8

I'm trying to launch multiple CUDA FFT kernels asynchronously using streams. For that, I'm creating my streams, cuFFT forward and inverse plans as follows:

streams = (cudaStream_t*) malloc(sizeof(cudaStream_t)*streamNum);
plansF = (cufftHandle *) malloc(sizeof(cufftHandle)*streamNum);
plansI = (cufftHandle *) malloc(sizeof(cufftHandle)*streamNum);
for(int i=0; i<streamNum; i++)  
{
    cudaStreamCreate(&streams[i]);
    CHECK_ERROR(5)
    cufftPlan1d(&plansF[i], ticks, CUFFT_R2C,1);
    CHECK_ERROR(5)
    cufftPlan1d(&plansI[i], ticks, CUFFT_C2R,1);
    CHECK_ERROR(5)
    cufftSetStream(plansF[i],streams[i]);
    CHECK_ERROR(5)
    cufftSetStream(plansI[i],streams[i]);
    CHECK_ERROR(5)
}

In the main function, I'm launching forward FFTs as follows:

for(w=1;w<q;w++)
  {
    cufftExecR2C(plansF[w], gpuMem1+k,gpuMem2+j);
    CHECK_ERROR(8)
    k += rect_small_real;
    j += rect_small_complex;
  }

I also have other kernels that I launch asynchronously with the same streams.

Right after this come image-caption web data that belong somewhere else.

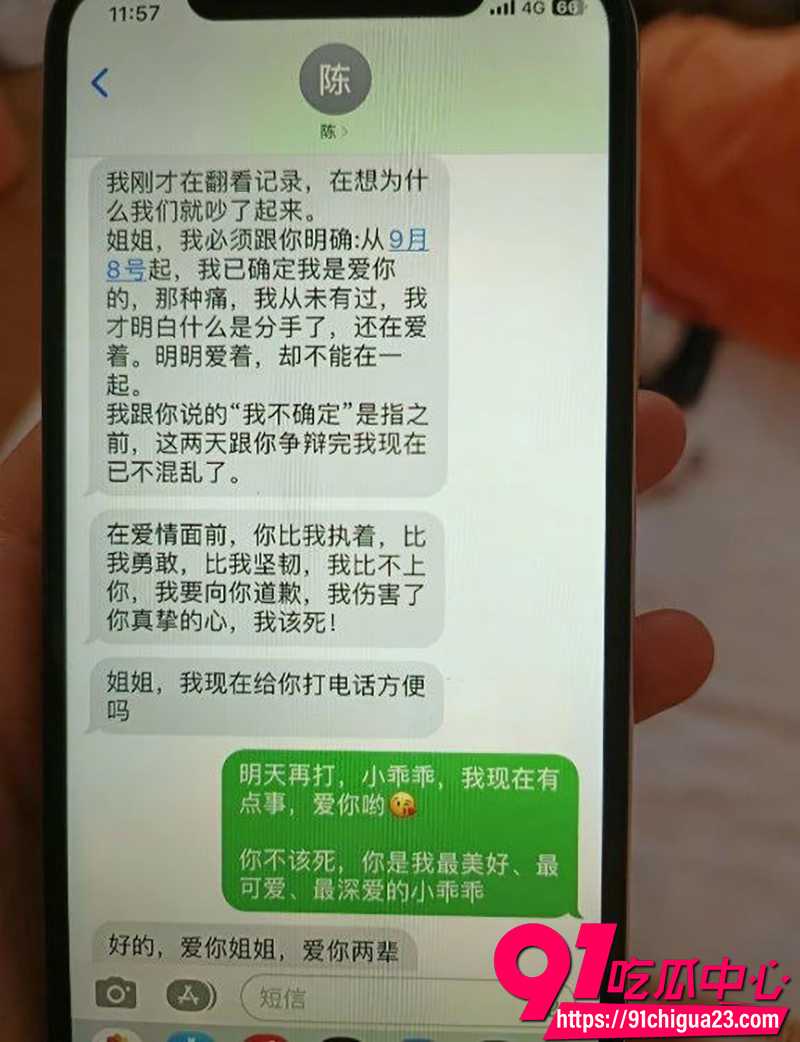 广州花都区新华中学女教师陈莉莉 7 广州花都区新华中学女教师陈莉莉 7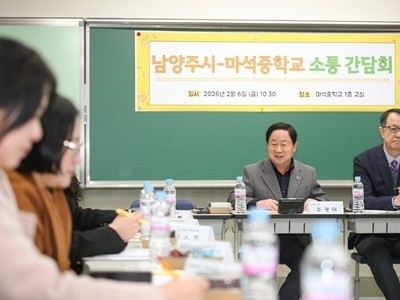 (0206)[미래교육과]남양주시, 마석중 교육공동체와 함께 미래 교육환경 개선 방안 논의(사진 2).jpg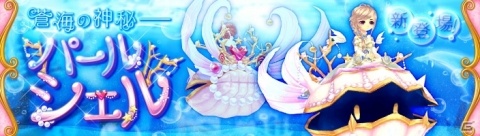 「暁のエピカ -Union Brave-」乗り物「パールシェル」が登場！過去に登場した英雄やアバターのピックアップガチャも開催の画像1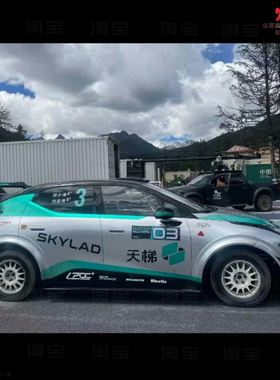 2026飞驰人生3电影车贴领克Z20拉花拉力赛车车展4S店改装赛车贴纸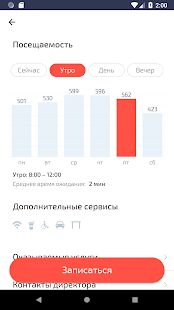 Скачать Госуслуги Московской области [Разблокированная] версия 2.17.51 apk на Андроид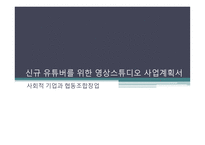 사업계획서) 신규 유튜버를 위한 영상스튜디오 사업계획서 - 사회적 기업과 협동조합창업-1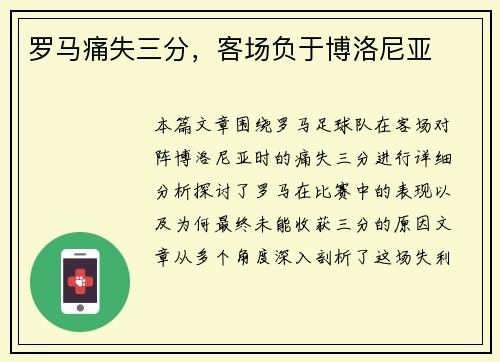 罗马痛失三分，客场负于博洛尼亚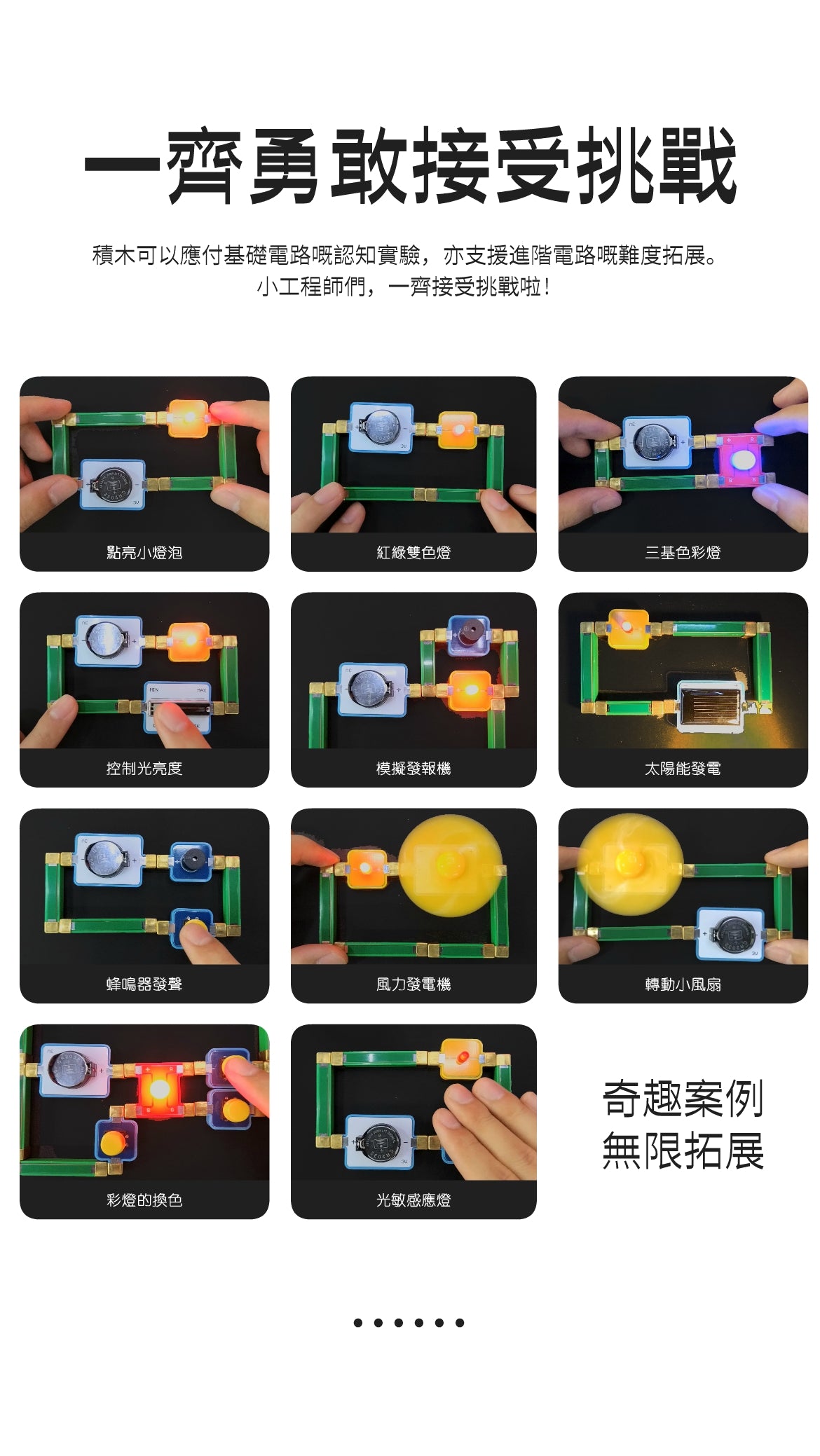 GEEKPAPA 極客爸爸磁力電子積木（啓蒙套件） STEM 兒童物理電路實驗 拼插 益智教具 # 港澳臺現貨直郵 下單立享85折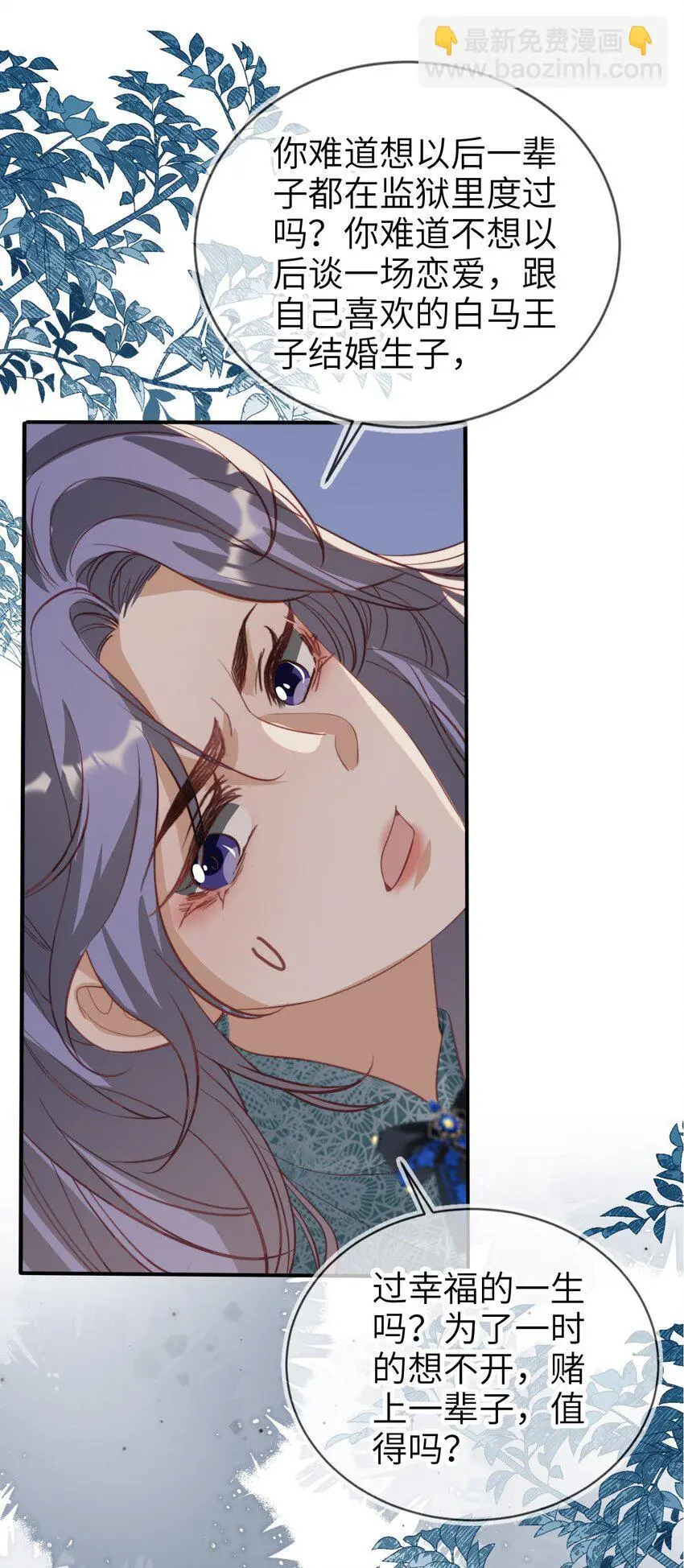 重生后我嫁给了残疾大佬酷漫屋漫画,052 失败者2图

When I profile my application using Visual Profiler 5.0, I see that all kernels except the CUDA FFT (both forward and inverse) run in parallel and overlap. FFT kernels do run in different streams, but they do not overlap, as they actually run sequentially. Can anyone tell me what is my problem?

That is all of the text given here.